Primus Gravity II Stove Review

Santa and his Elves were kind enough to stuff £25 of Cotswolds vouchers in my stocking this Yuletide so I popped straight down to their Boucher Road store and bought a £55 stove – maths was never my strong point.

I have a collection of stoves that are all awesome but none of which exactly fit my specification. The Mini and 27L Trangias are excellent but can’t boil water in a titanium cup directly as it can’t sit ontop of the burner. The Vango Compact is lightweight and simple but unstable in wind and the Jetboil is by far the best solution for boiling water but utterly useless if you want to fry a sausage.

Primus Gravity 2 with Windshield

So what I really needed was a floor sitting stove with pot arms that come in far enough that they can support a cup and the Primus Gravity II fitted the bill nicely. It comes in both multifuel and gas models at around £60 and £90 respectively. Since I have never been a fan of multifuel as I think they’re noisy and overkill for Northern Ireland I plumped for the gas version.

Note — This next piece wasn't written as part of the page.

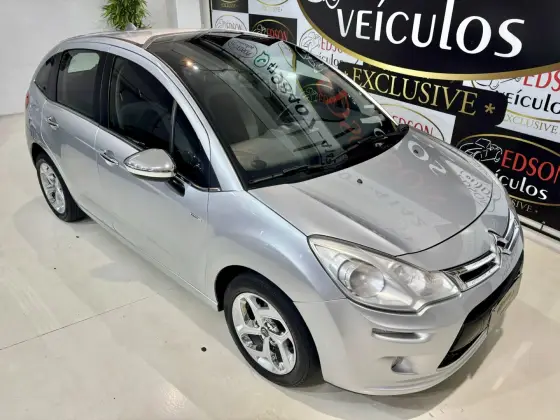 CITROËN C3 1.6 EXCLUSIVE 16V FLEX 4P MANUAL CITROËN C3 1.6 EXCLUSIVE 16V FLEX 4P MANUAL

It weighs 269g without windshield and gas and will boil 1L water in roughly 3 minutes. Its immediate drawback was that  when folded it wouldn’t fit inside my Tibetan titanium pots meaning I would need to carry it separately. This in its self isn’t that big a problem but a stove inside a pot wont get bent or damaged whereas one stored in a bag eventually most probably will.

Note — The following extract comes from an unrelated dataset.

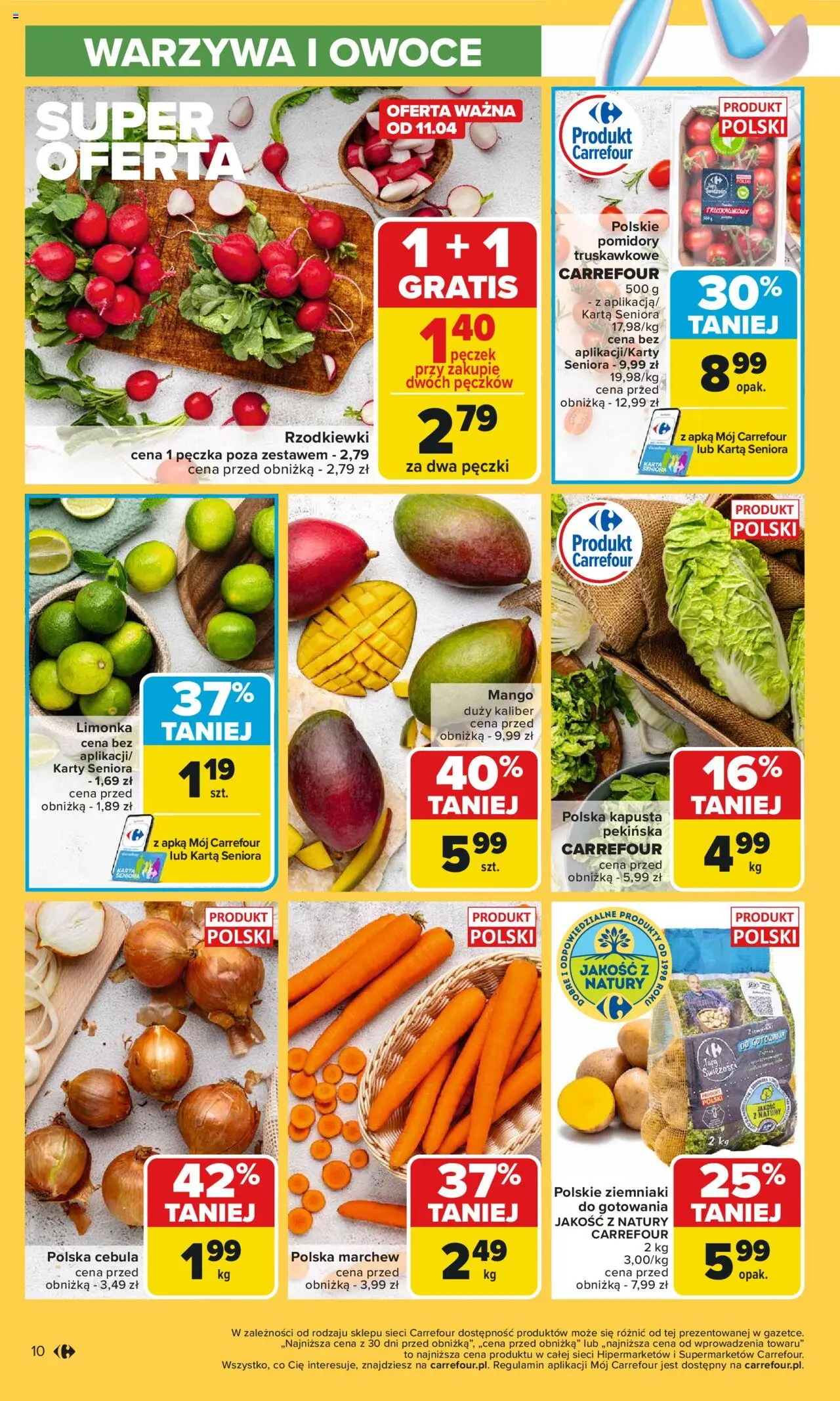 Carrefour Gazetka ważna od 07.04.2025 do 13.04.2025 strona 12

Primus Gravity 2 with Tibetan Pot

A quick test in the living room (no it wont burn the wood floor, trust me) showed it was simple to setup, quick to light with the piezo electric ignighter and super easy to adjust the power with the valve ontop of the gas canister.

Within a few days we were off to the Mournes for a day hike and I was able to give it a first proper test with the hikers favourite, Super Noodles. Perched ontop of Cock Mountain I found a flat rock, setup the stove with windshield surround and base and in no time at all the water was boiling and the noodles were opened. Due to a culinary clerical error I added a bit much water meaning I had to boil them for much longer than usual so I couldn’t really honestly gauge the time it took but judging from past experience it was plenty fast and again, I was impressed with the ease I could control the temperature having the valve so accesible.

Primus Gravity 2 with Titanium Cup

With lunch made it was time for the second test – boiling water in a titanium cup. I like to be able to make coffee after eating without having to clean pots or carry a kettle so heating water in the cup you intend to drink from is really useful. I did manage to heat water in the cup but it took much longer than expected. I’m not sure why but it could be because the burner head is a bit wide for the cup so heat might not transfer so readily.

Primus Gravity 2

To sum up, as with all gear, one outing is never enough but my initial thoughts are that it’s an excellent stove. Problems efficiently boiling water directly in a cup and the stove not fitting inside a pot for transport are the only issues I have, both of which I can live with. The last thing to consider is although this is a great stove, is it worth the 200g extra over the Vango Compact when not cooking a complex meal. As ever, no stove can be called “tested” until it’s cooked haggis on a peak so I’ll report back.

The numbers (g):

Stove 269
Bag 32
Undershield 21
Windshield 55
Total 378
Gas 190



 

This entry was posted in Gear Reviews.

2 Responses to Primus Gravity II Stove Review

  1. craig says:

    Try the windshield a lot tighter! I had a gravity for years and those notched corners allow the pot-lifter handle access. I would have the pipe coming out through a little gap here, but the shield would be as near as joined. With the gas cartridge being separate there is no worry about too much heat reflection – use it all. Flame always burned blue so I presume it still got enough oxygen.
    Fantastically stable, simmerable stove. Enjoy.

  2. Zeaphod says:

    Roger on the windshield fit – it traps more heat from the burner. I’ve used a MSR Windpro for a few years, keeping the (very similar) windshield tight around the pot makes quite a difference.